Blaney v. Cline

Motion to dismiss appeal. The notice of motion was served on appellant June 30, 1920, and was heard on July 12, 1920. Attached to the notice is a certificate of the clerk of the superior court stating that the notice of appeal was filed March 3, 1919; that an order granting five days' additional time to prepare a bill of exceptions was filed March 13, 1919; and that no further action was taken.
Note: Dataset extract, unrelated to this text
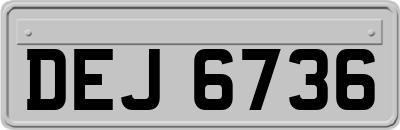 DEJ6736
Counsel for appellant presented an affidavit setting forth that his proposed bill of exceptions, and amendments thereto, suggested by respondent, was filed with the clerk of the court in which the action was tried on April 7, 1919, and that no date has been set by the judge for settling the bill. The affidavit states that at one time affiant appeared in court with Joseph Pacht, who claimed to represent respondent's attorney, and requested the judge to settle the bill, whereupon *Page 51 the court was informed by Pacht that he was going to San Francisco, where respondent's attorney was then living, and would there secure sufficient information upon which to act. On two subsequent occasions affiant communicated with Pacht regarding the matter, and was finally informed that respondent's attorney was expected to return to Los Angeles soon. The affidavit states that respondent's attorney returned to the city several months prior to the filing of the notice of motion, but that affiant was not aware of his return until about June 1, 1920, when affiant met him on the street and requested that he take up the matter in court. This counsel refused to do, informing affiant that he intended to move to dismiss the appeal. No affidavit in opposition to the statements of appellant's attorney was filed.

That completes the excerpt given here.